Here we see the dual track that you can question your foundational choices and your higher level abstractions (point-set topology vs locales which are distilled to being purely order-theoretic) concurrently. It's nice to take the same skepticism and interest in finding definitions the work with not alienste the working mathematician at multiple levels.

Because, for all the trepidation about abandoning ZFC, the mainstream formalizations have clearly failed in that mathematicians that aren't logicians or set theorists would rather engage with them as little as possible.

[bigbillheck]

> Ultimately this crowd wants to change the practice of mathematics in the real world, so they are very accomiadating

PhD mathematician in industry here. The way I see it, foundations is to the rest of mathematics the way music theory is to music: it needs to be a describer, not a prescriber. (If I were less charitable I'd have said "ornithology is to birds").
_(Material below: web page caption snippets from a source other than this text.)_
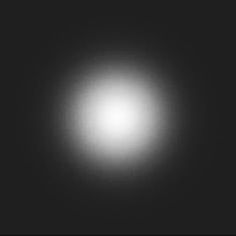 a black and white image of a bright light in the night sky with no clouds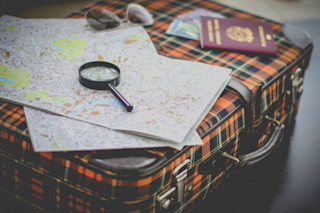 Map with a magnifying glass on top of a suitcase magnify glass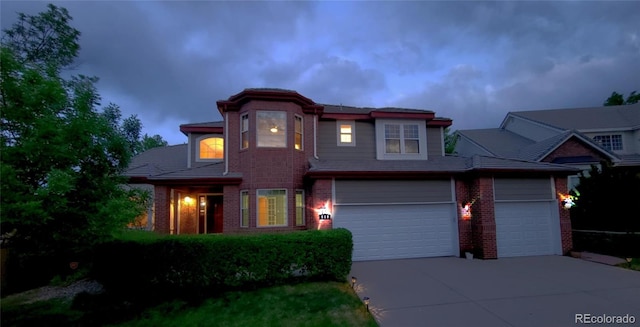 518 Zircon Way, Superior, CO 80027 - view of front facade with brick siding, driveway, and an attached garage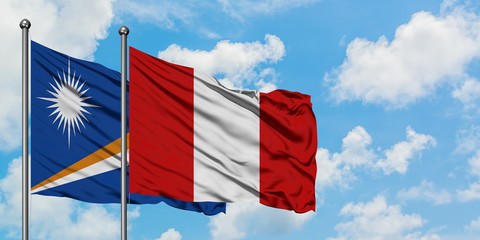 Marshall Islands and Peru flag waving in the wind against white cloudy blue sky together. Diplomacy concept, international relations.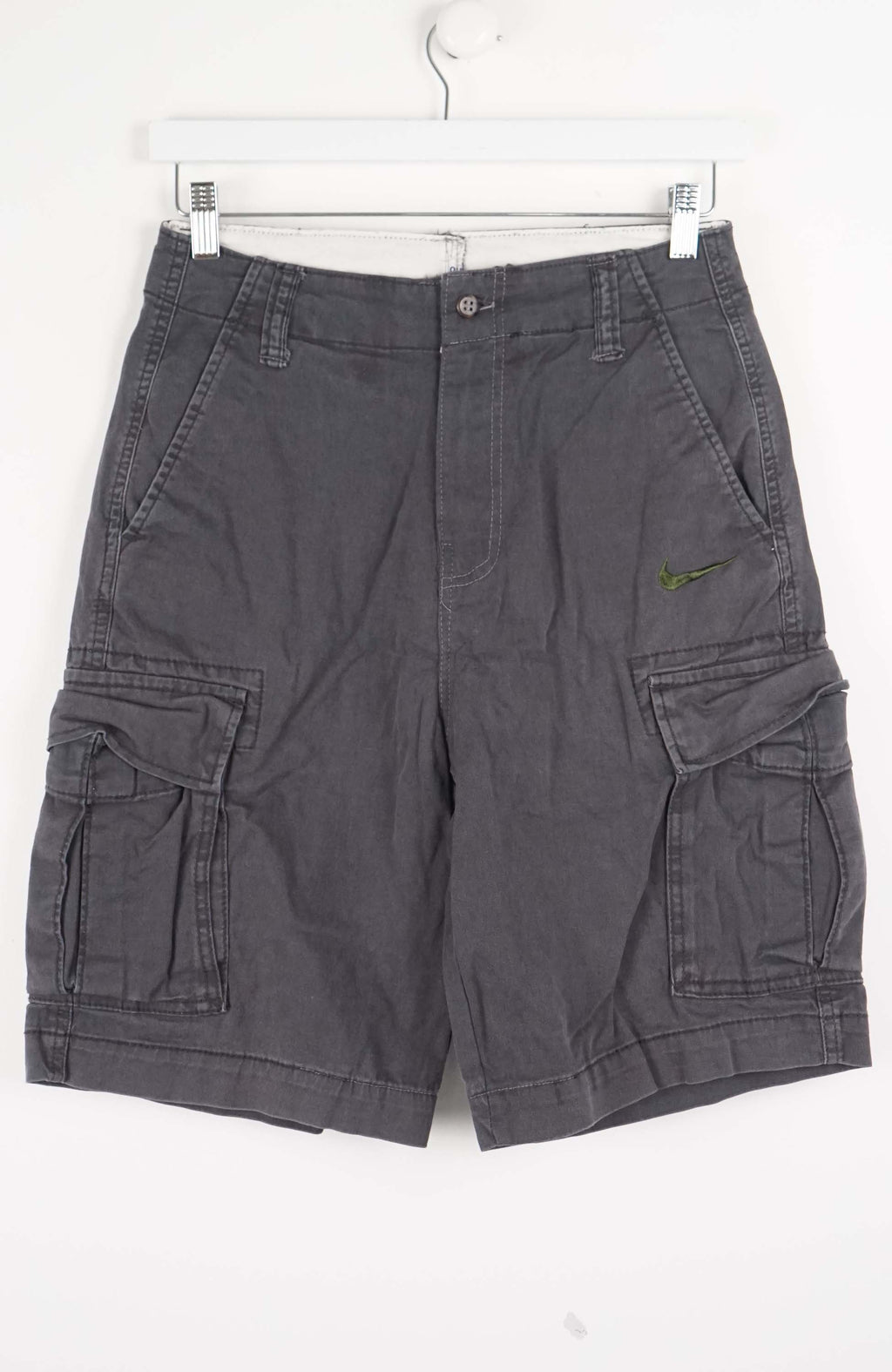 Gray cargo shorts on a white hanger against a white background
> the mainstream formalizations have clearly failed in that mathematicians that aren't logicians or set theorists would rather engage with them as little as possible

On the contrary, ZFC has been a tremendous success in that most mathematicians don't need to worry about it at all.

[throwaway81523]

Imho, software people should study foundations (particularly proof theory) much more than they do. That is how you ensure correct code, after all. The people deeply involved in software verification are basically logicians. Also, the test suite for the HOL Light proof assistant (used in software verification) uses a large cardinal axiom, sort of. It uses a version of itself with the large cardinal added, to prove the consistency of the normal version without the large cardinal. Neither version can prove itself consistent, because of Gödel's theorem, but the one with the large cardinal can prove the consistency of the one without it.

One can say that if either is inconsistent then they can prove everything, but that makes it even sharper: the large cardinal is used purely to give engineering assurance of software correctness and not real mathematical rigor. So it's a pure engineering use of one of the most "out there" mathematical objects. It doesn't seem worse than using IEEE floating point arithmetic to design airplanes....

[Ericson2314]

> PhD mathematician in industry here. The way I see it, foundations is to the rest of mathematics the way music theory is to music: it needs to be a describer, not a prescriber. (If I were less charitable I'd have said "ornithology is to birds").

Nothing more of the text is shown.